▸ DATA BELOW
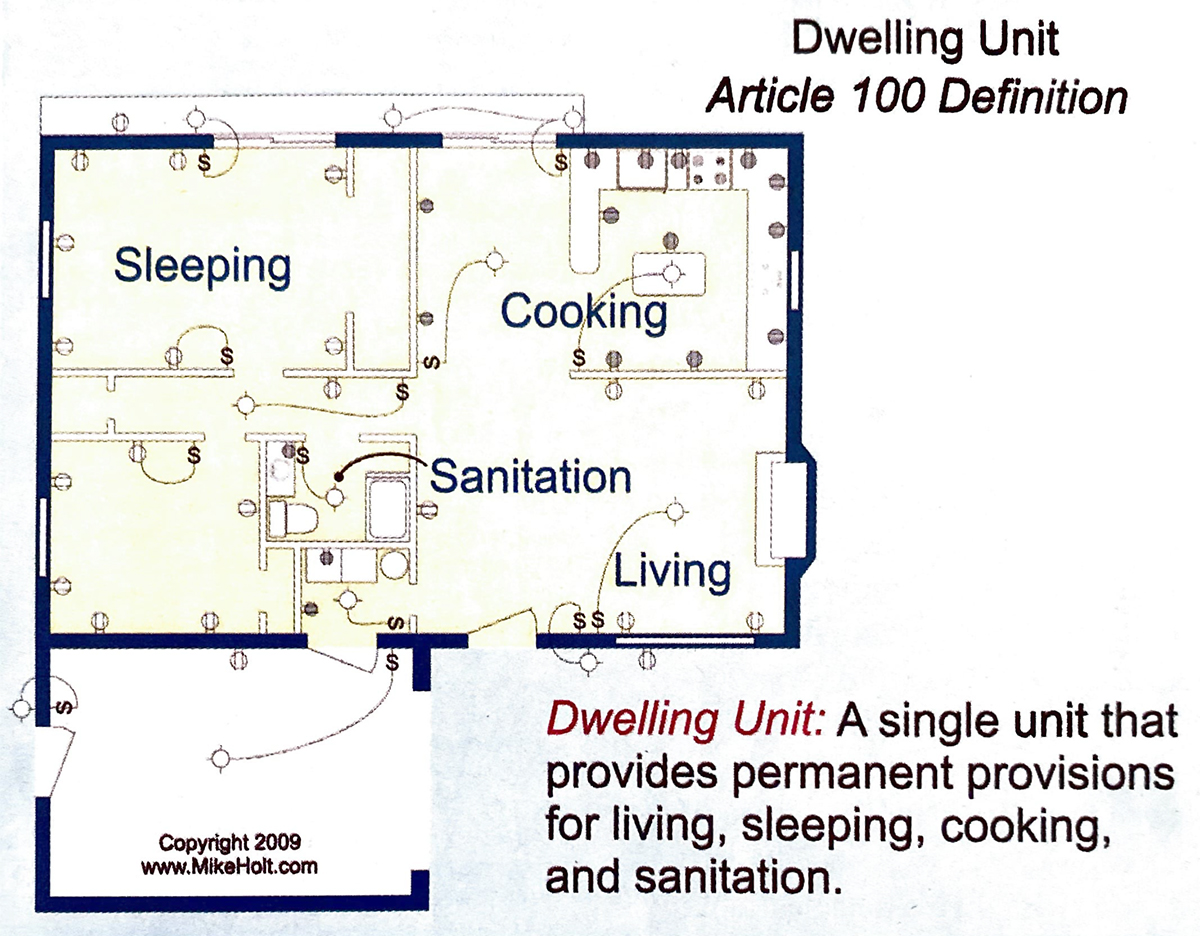 Dwelling Unit Calculations | EC&M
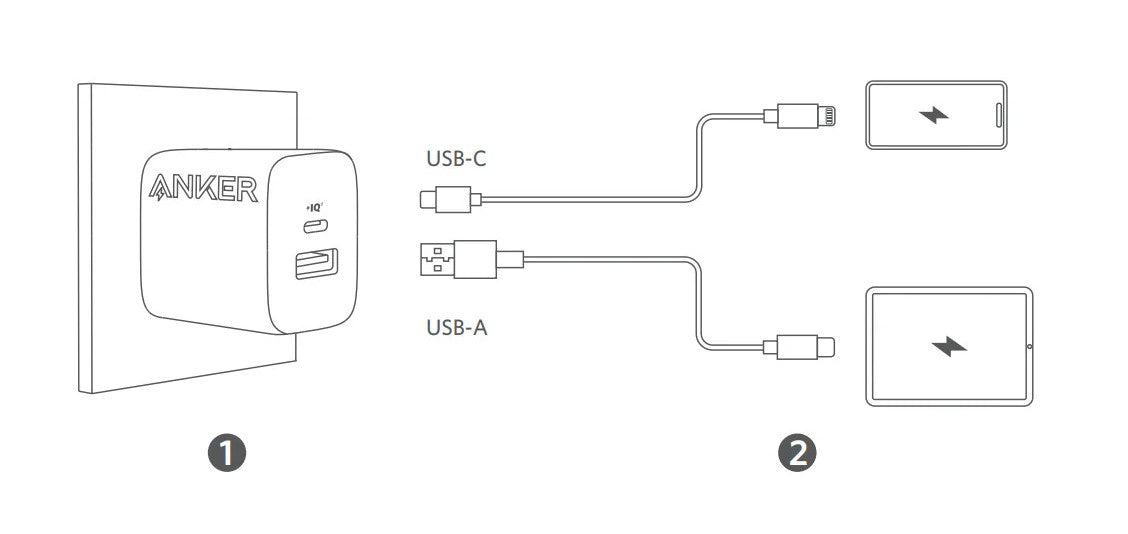 شاحن أنكر سيليكت (20 واط، منفذين) مع كابل USB-C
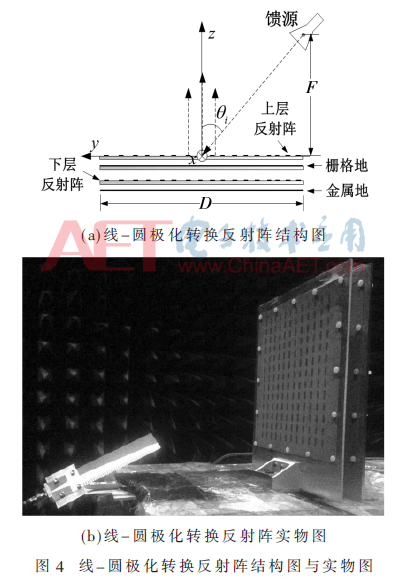 tx3-t4.gif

▸ WHAT THE TASK ASKS
Starting at the line with "شاحن أنكر سيليكت" and stopping at the final line of the material, reproduce each line exactly, both ends included. Leave the pictures out.

▸ WRITTEN SOLUTION
 شاحن أنكر سيليكت (20 واط، منفذين) مع كابل USB-C
 tx3-t4.gif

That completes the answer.